Why Use a Timestamp?

The first and probably most basic reason that computers use timestamps is, well computers. Keeping track of system time in a 16, 32 or 64bit value (or set of values for fractional seconds) is easy for most operating systems.

The choice of the UNIX timestamp as the way to track time on a POSIX compliant system also simplifies the task of coordinating time on different computers. All systems that keep track of the passage of time in a UNIX timestamp share the same timestamp, (theoretically anyway), regardless of where they are located on the planet.

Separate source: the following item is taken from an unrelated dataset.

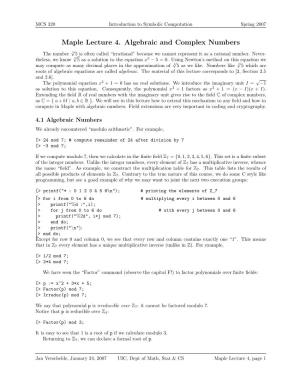 Maple Lecture 4. Algebraic and Complex Numbers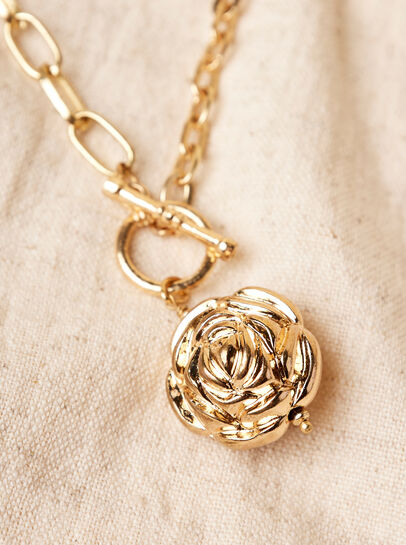 Gold Flower T-Bar Necklace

Also note that a timestamp is both date and time in the sense that 'Date' corresponds to a calendar date and 'Time' corresponds to some point in a given 24 hour day with localization as well, 'UTC'. All this, contained in a simple number on PCs everywhere, all counting up to infinity at the same time, doomed to fail, but I digress :).

The Timestamp's Joys

You might begin to realize that as a software developer, storing date and time as a timestamp is rather convenient. This is especially true when working on larger systems that span time zones.

If we only need one second resolution, then the date and time that something occurred on our system can be represented and stored cleanly as a single integer value (signed of course, because there was time prior to 1970) in our database, log files or wherever.

The alternative requires us to capture some human readable date/time string (with time zone localization of course) and store that as a value. But fear not, there has been lots of standardization of date time strings over the years. This totally works, but has its own challenges.

Trials of Working with Timestamps

Timestamps are great for computers and any coordinated system, but they aren't that approachable for humans. So anyone working with timestamps needs to be aware of a couple of pitfalls. Once you grasp these you will come to love the timestamp.

Pitfall 1: Conversion to date/time

When working with time across different time zones using the UNIX timestamp can be very convenient. If it is 1534955931 in New York, it is 1534955931 in Berlin as well. However, when converting the timestamp to date/time (remember some format of calendar time and clock time) we must reference a time zone.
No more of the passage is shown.